Haklıydım. Hangi öğretmen, öğrencisinin özel hayatını merak ederdi ki. Kendimi kontrol edemeyip, onu sevmekten korkuyorum zaten.Hayır. Bu yanlış his içimden biran önce çıkıp gitmeli. Bu olmamalı. Çok yanlış bişey. Ben Yiğit hocayı sevemem..

Bunları düşününce gözlerimin yanmaya başladığını hissettim.
-Sadece basit bi soru sordum o kadar
Dedi. Ah senin o basit gördüğün soruyla benim içimde neler oluştu bi bilsen. İyice sinirlenmiştim. Bu sorduğu soruyu yanlış anlayıp, alamayacağımı hiç düşünmedi mi acaba. O anki sinirle
-Sadece öğrenciniz olan birinin özel hayatıyla ilgili basit olarak bile gördüğünüz soruları sormayın o zaman hocam. Neticede siz benim sadece öğretmenimsiniz.
Dedim. Biraz bağırarak konuşmuştum galiba. Yiğit hocanın bir anda yüz hatları gerildi. Kaşları çoktan çatılmıştı bile.
-Haklısın fazla merak iyi değilmiş. Bunu şu anda iyice kavradım zaten. Bi daha sana da özel hayatınla ilgili bi soru sormam. Neticede ben senin sadece öğretmeninim.
Dedi. Başlarda o da bağırsa da sesi sonlara doğru kısılmıştı. İyice dolan gözlerimden bir, iki damla yanağıma doğru yol almaya başladı. Son kez Yiğit hocanın gözlerinin içine baktım. Ağladığımı görünce bir anda afalladı. Daha fazla durmadım ve koşarak sınıfa çıktım. Hızla sırada oturan Ece' nin yanına ilerledim. Ben yanına oturunca bana döndü. Tam bişey diyecekti ki ağladığımı fark etti.

-Aylin! Ne oldu?
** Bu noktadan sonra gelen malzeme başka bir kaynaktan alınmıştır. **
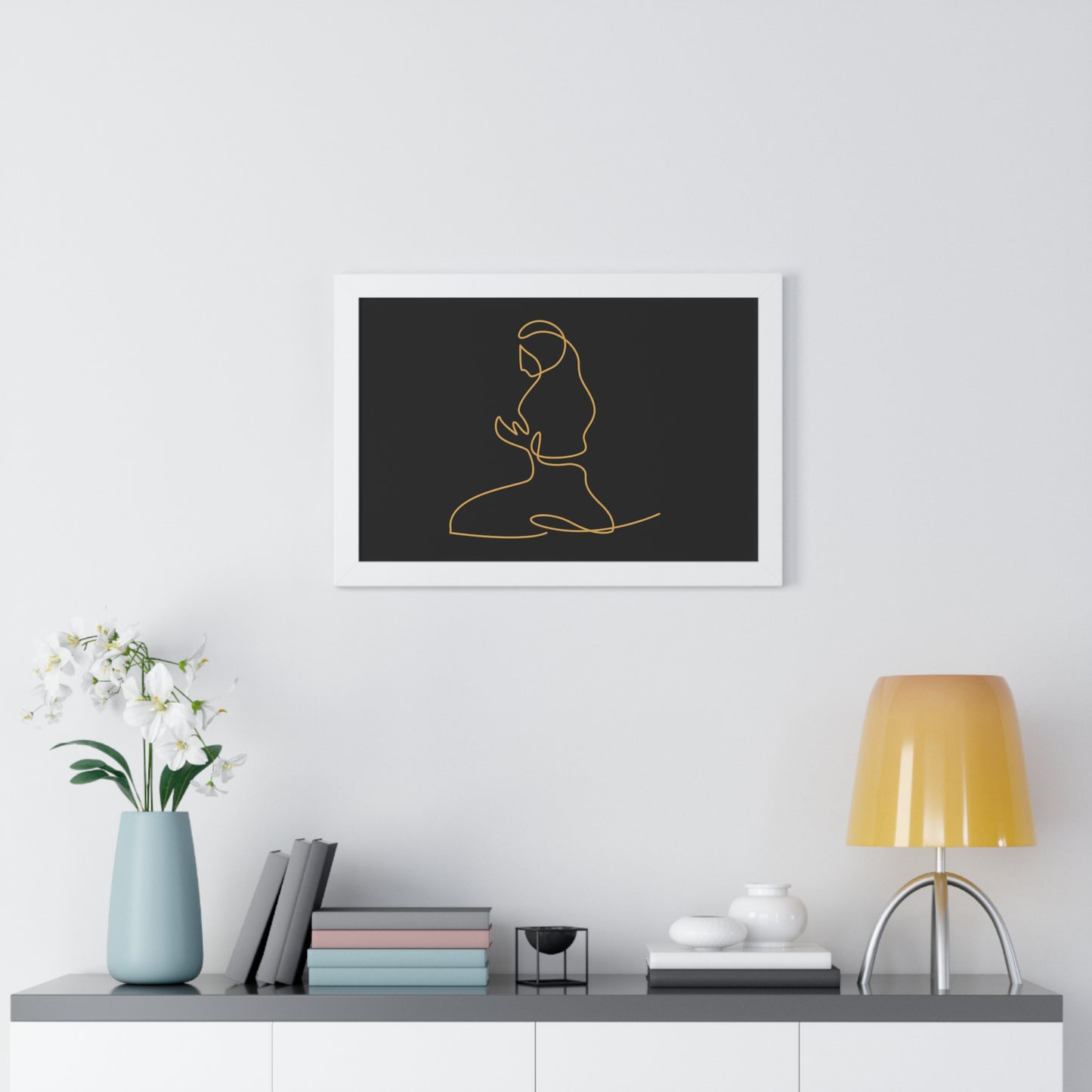 Framed Poster praying, Islam, Islam praying, women praying, Muslim woman, gift, Eid, Ramadan, decor, wall art, minimal art, Islam art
Niye ağlıyorsun sen?
Daha fazla dayanamadım ve Ece' ye sarıldım. Anında kollarını doladı bana. Ağlamam iyice şiddetlenmişti. Aradan 5 dakika geçtikten sonra gözyaşlarım ve hıçkırıklarım yerini iç çekişlerine bırakmıştı..

Ece'den ayrıldım ve direk soru sormaya başladı
-Aylin. Kardeşim ne oldu? Neden bu hale geldin. Anlat bak dayanamıyorum artık.
Dedi. Olayları en başından itibaren anlattım. Ece gözünü bile kırpmadan beni dinliyordu.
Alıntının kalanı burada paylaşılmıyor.